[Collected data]
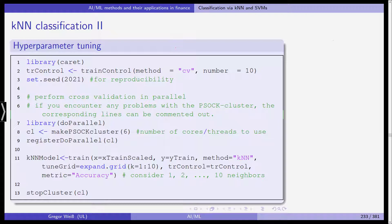We train based on the xTrainScale data object. We use yTrain as our response. We use knn as the method. We set the TuneGrid to a grid that expands from one to ten — meaning we are considering one, two, three, and so on up to ten neighbors. We use the result of our cross-validation tr_control, and the metric used to evaluate model accuracy is accuracy. Then we stop the cluster.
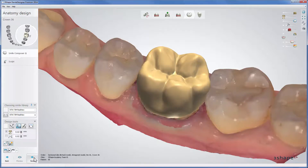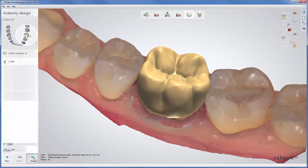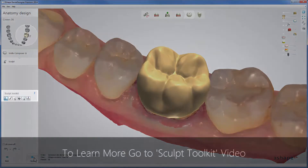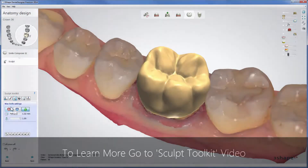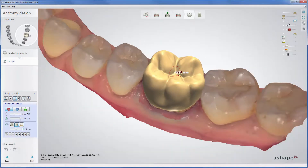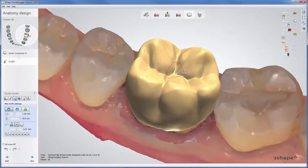Click Next to go to Sculpt and use the Sculpt Toolkit. The Sculpt Toolkit allows you to individually modify the design using tools like Global Transformation, Morphing, and Waxknife.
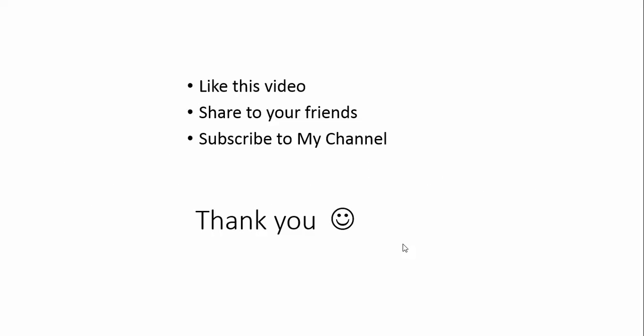That's all I have for this video. If you like this video, hit the like button below, share with your friends and subscribe to my channel. I will see you in the next video.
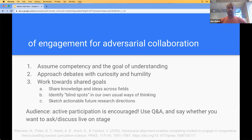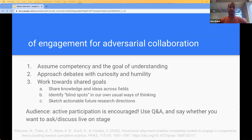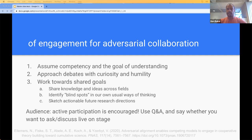A brief note about norms of engagement for this adversarial collaboration: we want to assume each of us is competent and has the aim of understanding. We want to approach these debates with curiosity and humility. Our goals are to share knowledge across fields, identify blind spots in our usual ways of thinking, and sketch actionable future research directions. There'll be brief clarifying questions after each overview section and lots of chances to interact during the open discussion portion.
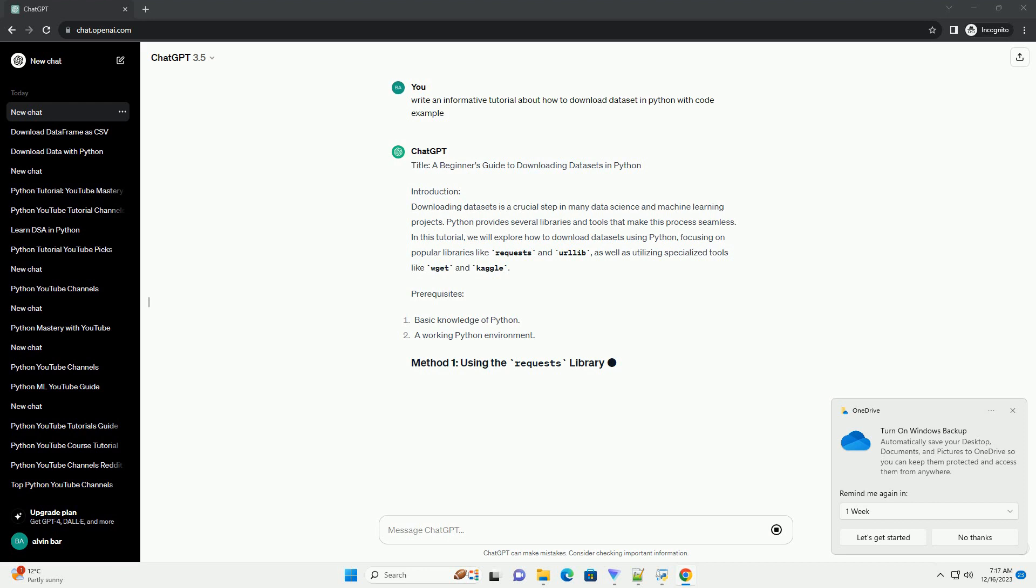Verify that the download was successful by checking the status code. A status code of 200 indicates success. If the download is successful, save the dataset to a local file. You can specify the file path and name according to your preference.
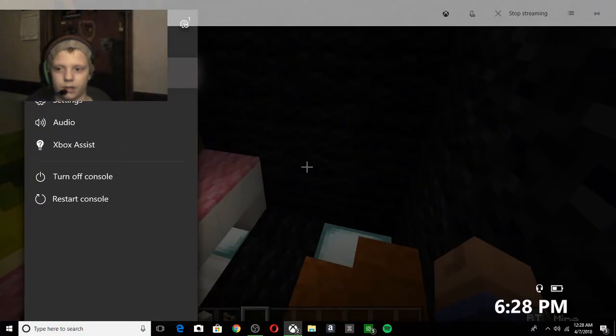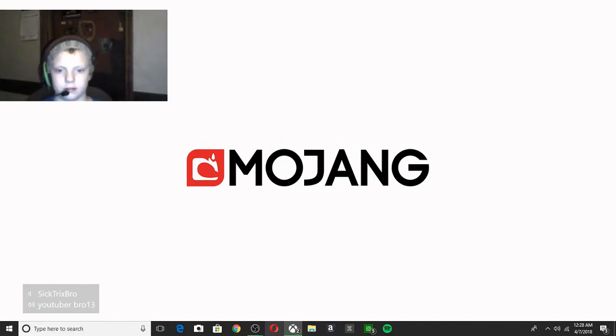Today I have for you guys another video with Minecraft and with some of my friends. So yeah, say hi to you guys.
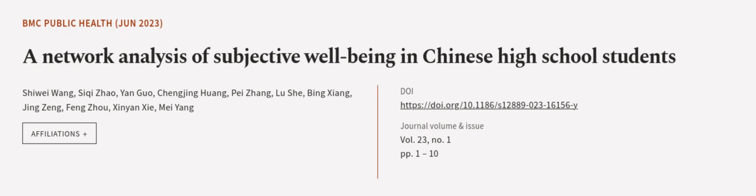This article was authored by Shuei Wang, Siki Zhao, Yang Gua, and others.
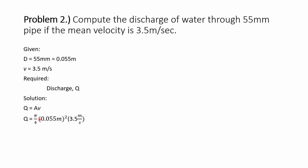pipe is equal to pi over 4 times 0.055 meter square times 3.5 meter per second. So the discharge of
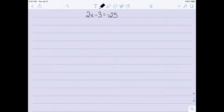I have the equation 2x minus 3 equal to negative 25. Step 1 is to simplify. There is no way to simplify this — it's already as simple as we can get it.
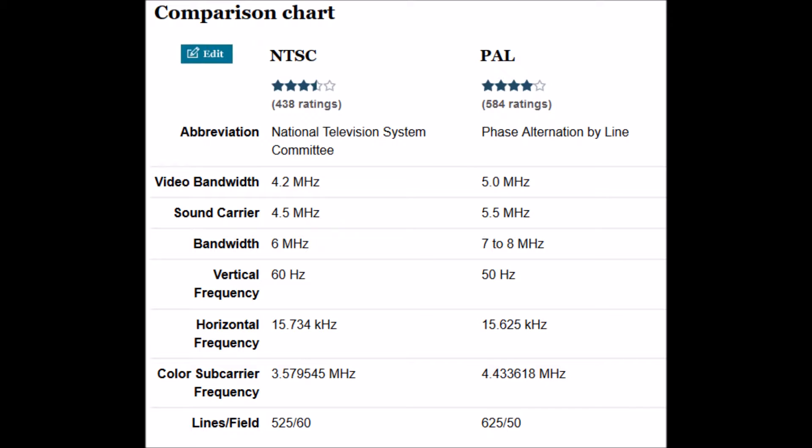The horizontal frequency is pretty close between NTSC and PAL. They're both about 15.7 to 15.6. But the problem is the number of lines displayed per screen. In the United States it's 525 lines and in Europe it's 625. This difference needs to be accounted for in the VHDL code to make the display work.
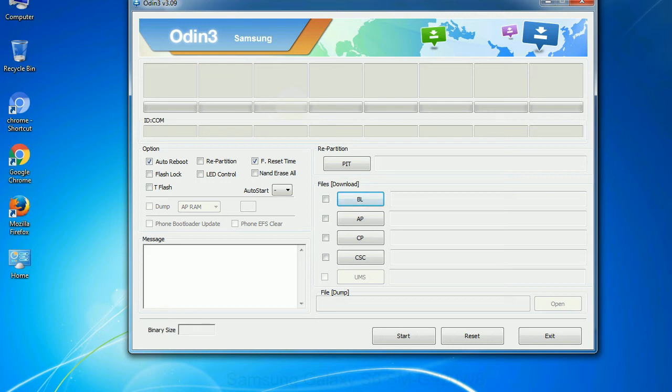Phone: It refers to baseband and modem version. CSC: Consumer software customization. Click this button and select the CSC file.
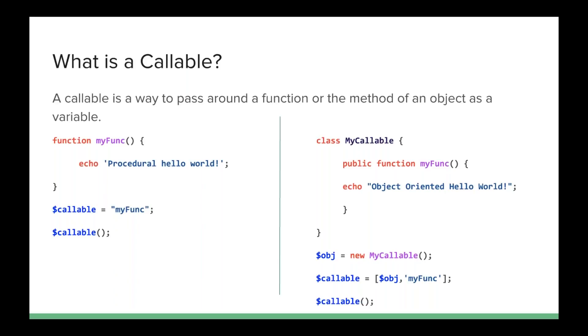Now, the object-oriented version is over on the right-hand side. I define a class called myCallable. Inside the class, I define myFunc, and it echoes out object-oriented hello world. Now, I have to instantiate the object, and then the callable is no longer just a string. It's an array with the variable that is the instance of the class, and then the method name to call, and again, case matters.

## Your instructions
Write out the data above in full and exactly, but without the pictures.

## Written solution
We train based on the xTrainScale data object. We use yTrain as our response. We use knn as the method. We set the TuneGrid to a grid that expands from one to ten — meaning we are considering one, two, three, and so on up to ten neighbors. We use the result of our cross-validation tr_control, and the metric used to evaluate model accuracy is accuracy. Then we stop the cluster.
Click Next to go to Sculpt and use the Sculpt Toolkit. The Sculpt Toolkit allows you to individually modify the design using tools like Global Transformation, Morphing, and Waxknife.
That's all I have for this video. If you like this video, hit the like button below, share with your friends and subscribe to my channel. I will see you in the next video.
A brief note about norms of engagement for this adversarial collaboration: we want to assume each of us is competent and has the aim of understanding. We want to approach these debates with curiosity and humility. Our goals are to share knowledge across fields, identify blind spots in our usual ways of thinking, and sketch actionable future research directions. There'll be brief clarifying questions after each overview section and lots of chances to interact during the open discussion portion.
Verify that the download was successful by checking the status code. A status code of 200 indicates success. If the download is successful, save the dataset to a local file. You can specify the file path and name according to your preference.
Today I have for you guys another video with Minecraft and with some of my friends. So yeah, say hi to you guys.
This article was authored by Shuei Wang, Siki Zhao, Yang Gua, and others.
pipe is equal to pi over 4 times 0.055 meter square times 3.5 meter per second. So the discharge of
I have the equation 2x minus 3 equal to negative 25. Step 1 is to simplify. There is no way to simplify this — it's already as simple as we can get it.
The horizontal frequency is pretty close between NTSC and PAL. They're both about 15.7 to 15.6. But the problem is the number of lines displayed per screen. In the United States it's 525 lines and in Europe it's 625. This difference needs to be accounted for in the VHDL code to make the display work.
Phone: It refers to baseband and modem version. CSC: Consumer software customization. Click this button and select the CSC file.
Now, the object-oriented version is over on the right-hand side. I define a class called myCallable. Inside the class, I define myFunc, and it echoes out object-oriented hello world. Now, I have to instantiate the object, and then the callable is no longer just a string. It's an array with the variable that is the instance of the class, and then the method name to call, and again, case matters.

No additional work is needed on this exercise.